Thus the distinguishing factor between the two patterns is that during the short oscillations, the retreated PIS is in a build-up/surge mode, whereas the retreated HIS has a constant till saturation. This causes the retreated HIS to be in a steady-flow state, while still experiencing small oscillations due to the proximity to the retreated PIS. On the other hand, both the retreated HIS and the retreated PIS are in the build-up/surge mode during the longer-period events. A third mode is seen in some simulations that is shown in Fig. , and is identified by a long period of minimal ice volume. This mode corresponds to a steady flow state of intermediate mean basal velocities of around 100 ma-1 in both the retreated HIS and the retreated PIS.

The differences between the behavior of the PIS and the HIS in both configurations can be explained by slight variations in their topography and forcing fields, as seen in Fig. . The constant geothermal heat flux in the PIS is slightly higher than in the HIS, with a spatial average of 48.75 and 48.25 mWm-2, respectively. During the periods where oscillations occur, the basal mass balance in the PIS varies much more than in the HIS, primarily due to the larger frictional heating (Qb in Eq. ) which is a direct result of larger basal velocities in the PIS while it is streaming (Fig. g). The bed elevation of the HIS is lower than the PIS, leading to lower average basal friction and thereby making it more prone to the steady-streaming state. Finally, the HIS receives more precipitation than the PIS on average, about 0.28 m.w.e.a-1 compared to 0.26 m.w.e.a-1, respectively. This might allow for the mass lost by the HIS during streaming to be better balanced by the accumulation, as opposed to the PIS, where lower accumulation means the ice thickness can only regrow once the streaming has quiesced.
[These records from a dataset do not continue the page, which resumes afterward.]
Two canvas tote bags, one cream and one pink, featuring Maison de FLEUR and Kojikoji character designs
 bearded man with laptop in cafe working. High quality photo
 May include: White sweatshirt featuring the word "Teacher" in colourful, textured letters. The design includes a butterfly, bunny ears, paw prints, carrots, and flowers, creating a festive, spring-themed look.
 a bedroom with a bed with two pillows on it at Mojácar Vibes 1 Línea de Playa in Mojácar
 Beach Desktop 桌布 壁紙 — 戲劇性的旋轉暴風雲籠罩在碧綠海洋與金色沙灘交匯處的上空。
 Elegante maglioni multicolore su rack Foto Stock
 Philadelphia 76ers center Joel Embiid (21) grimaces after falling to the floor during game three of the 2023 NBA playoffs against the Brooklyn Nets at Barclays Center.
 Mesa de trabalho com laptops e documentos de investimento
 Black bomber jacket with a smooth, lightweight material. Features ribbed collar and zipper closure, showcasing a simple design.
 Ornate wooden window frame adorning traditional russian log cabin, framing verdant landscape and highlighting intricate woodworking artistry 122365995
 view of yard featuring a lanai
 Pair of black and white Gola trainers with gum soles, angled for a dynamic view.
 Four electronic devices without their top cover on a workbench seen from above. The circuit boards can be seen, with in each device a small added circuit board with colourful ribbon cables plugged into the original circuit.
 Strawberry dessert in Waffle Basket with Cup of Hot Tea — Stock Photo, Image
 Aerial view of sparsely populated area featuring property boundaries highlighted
Glacial isostatic adjustment (GIA) has been demonstrated to cause oscillations in ice sheet volume , and the relaxation time of 3000 years is relevant on the timescales of variability observed in the HIS and the PIS. Figure  shows the magnitude of variation in the altitudes of the bedrock and ice-sheet surface as well as the ice thickness. The maximum bedrock altitude in both the HIS and the PIS is close to 200 m, which is reached at the end of a long surge event (around 260 ka in Fig. ). However, this value is only approximately 40 m greater than the minimum bedrock altitude at the beginning of the surge (around 230 ka in Fig. ), meaning the bedrock is not the primary contributor to the difference in the surface altitude during the period of variability. In contrast, the ice thickness changes by about 600 m for the HIS and 500 m for the PIS during this time. So, while there is some effect of the GIA, the magnitude of the uplift of the bedrock is never so large as to affect the build-up/surge variability of the ice sheet. If the regrowth of the ice sheet after a surge were triggered by the GIA bringing the bedrock to an altitude that allows for a positive SMB, we may expect to see a period of minimal ice thickness during which the bedrock is uplifting, and at a certain altitude the ice thickness to start increasing again. Instead, we see the GIA simply lagging the ice thickness. The ice regrowth instead corresponds to a minimal basal velocity, i.e. an end of the surging. So, while the GIA does have some influence on the ice surface elevation, it does not set the pace of the oscillations.

To assess whether the lack of predictability of the tipping is due to ice-stream oscillations or due to other factors, we change the value of a parameter in the basal friction law to eliminate the tendency of ice streams to oscillate and investigate the consequences. As described previously, the ice-stream oscillations are surges in the basal velocity of the ice stream due to the thermomechanical coupling at the base of the ice sheet. To remove the oscillations but maintain the ice stream, the basal velocities in the region of interest need to be lower but non-zero. For lower basal velocities, the mass lost due to streaming is closer to the accumulation rate, bringing the ice stream to a steady flow state . To achieve this, the value of δ in Eq. () is increased. This raises the minimal effective pressure and thereby increases the basal frictional stress.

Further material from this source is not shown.